(Data extracted from a collection)
+===+

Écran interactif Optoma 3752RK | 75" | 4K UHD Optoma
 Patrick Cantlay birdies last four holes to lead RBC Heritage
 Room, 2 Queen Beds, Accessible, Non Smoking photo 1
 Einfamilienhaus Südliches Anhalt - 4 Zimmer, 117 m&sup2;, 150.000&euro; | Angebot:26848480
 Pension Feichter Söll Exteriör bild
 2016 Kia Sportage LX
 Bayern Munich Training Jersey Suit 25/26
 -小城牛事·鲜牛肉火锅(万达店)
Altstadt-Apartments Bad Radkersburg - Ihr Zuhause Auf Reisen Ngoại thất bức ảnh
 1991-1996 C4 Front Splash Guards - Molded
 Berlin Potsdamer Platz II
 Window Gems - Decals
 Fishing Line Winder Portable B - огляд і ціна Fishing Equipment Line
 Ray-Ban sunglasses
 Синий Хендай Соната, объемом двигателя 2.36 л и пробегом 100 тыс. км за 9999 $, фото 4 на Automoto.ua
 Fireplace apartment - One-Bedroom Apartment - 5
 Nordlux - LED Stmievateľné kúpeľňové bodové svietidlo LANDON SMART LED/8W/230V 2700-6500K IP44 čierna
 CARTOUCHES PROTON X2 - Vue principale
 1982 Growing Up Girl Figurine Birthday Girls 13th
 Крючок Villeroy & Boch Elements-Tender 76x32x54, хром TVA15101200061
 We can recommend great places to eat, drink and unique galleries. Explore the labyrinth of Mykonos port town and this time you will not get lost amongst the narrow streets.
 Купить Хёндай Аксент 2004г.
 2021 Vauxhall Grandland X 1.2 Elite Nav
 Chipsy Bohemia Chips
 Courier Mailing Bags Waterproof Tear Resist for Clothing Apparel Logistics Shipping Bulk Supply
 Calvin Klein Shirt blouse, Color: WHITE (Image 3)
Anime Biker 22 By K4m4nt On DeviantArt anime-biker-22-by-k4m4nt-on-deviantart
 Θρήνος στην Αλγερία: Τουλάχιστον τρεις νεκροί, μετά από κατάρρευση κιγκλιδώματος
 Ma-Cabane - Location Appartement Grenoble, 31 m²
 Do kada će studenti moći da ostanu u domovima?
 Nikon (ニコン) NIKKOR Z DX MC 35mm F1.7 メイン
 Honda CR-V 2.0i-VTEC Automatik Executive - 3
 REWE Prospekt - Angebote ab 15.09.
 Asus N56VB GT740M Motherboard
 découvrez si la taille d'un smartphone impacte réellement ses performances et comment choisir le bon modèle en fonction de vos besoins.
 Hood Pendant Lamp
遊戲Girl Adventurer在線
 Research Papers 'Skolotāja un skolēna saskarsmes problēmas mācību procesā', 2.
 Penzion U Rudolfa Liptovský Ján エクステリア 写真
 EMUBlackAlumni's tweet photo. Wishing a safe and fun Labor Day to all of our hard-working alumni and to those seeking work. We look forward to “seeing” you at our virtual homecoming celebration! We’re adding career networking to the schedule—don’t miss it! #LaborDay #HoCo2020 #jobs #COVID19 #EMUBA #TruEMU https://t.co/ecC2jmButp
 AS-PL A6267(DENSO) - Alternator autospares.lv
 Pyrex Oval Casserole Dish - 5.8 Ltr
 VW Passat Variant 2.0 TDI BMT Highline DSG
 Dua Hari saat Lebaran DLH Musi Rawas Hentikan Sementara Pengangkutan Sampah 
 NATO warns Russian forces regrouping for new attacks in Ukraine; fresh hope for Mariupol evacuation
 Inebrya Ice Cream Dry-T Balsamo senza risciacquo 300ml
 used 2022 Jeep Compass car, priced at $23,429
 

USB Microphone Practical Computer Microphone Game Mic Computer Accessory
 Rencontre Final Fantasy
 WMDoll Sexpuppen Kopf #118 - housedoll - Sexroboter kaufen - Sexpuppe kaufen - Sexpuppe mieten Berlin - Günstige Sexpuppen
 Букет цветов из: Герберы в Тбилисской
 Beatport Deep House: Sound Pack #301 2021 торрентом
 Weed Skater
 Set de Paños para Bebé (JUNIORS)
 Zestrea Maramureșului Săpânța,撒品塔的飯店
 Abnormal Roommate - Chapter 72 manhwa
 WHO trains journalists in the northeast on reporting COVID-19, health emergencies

+===+

● **Work required**: Could you restate word for word the lines above from the one containing "Anime Biker 22" through the one containing "Asus N56VB GT740M Motherboard", both included, and nothing else?

● **Written answer**:
Anime Biker 22 By K4m4nt On DeviantArt anime-biker-22-by-k4m4nt-on-deviantart
 Θρήνος στην Αλγερία: Τουλάχιστον τρεις νεκροί, μετά από κατάρρευση κιγκλιδώματος
 Ma-Cabane - Location Appartement Grenoble, 31 m²
 Do kada će studenti moći da ostanu u domovima?
 Nikon (ニコン) NIKKOR Z DX MC 35mm F1.7 メイン
 Honda CR-V 2.0i-VTEC Automatik Executive - 3
 REWE Prospekt - Angebote ab 15.09.
 Asus N56VB GT740M Motherboard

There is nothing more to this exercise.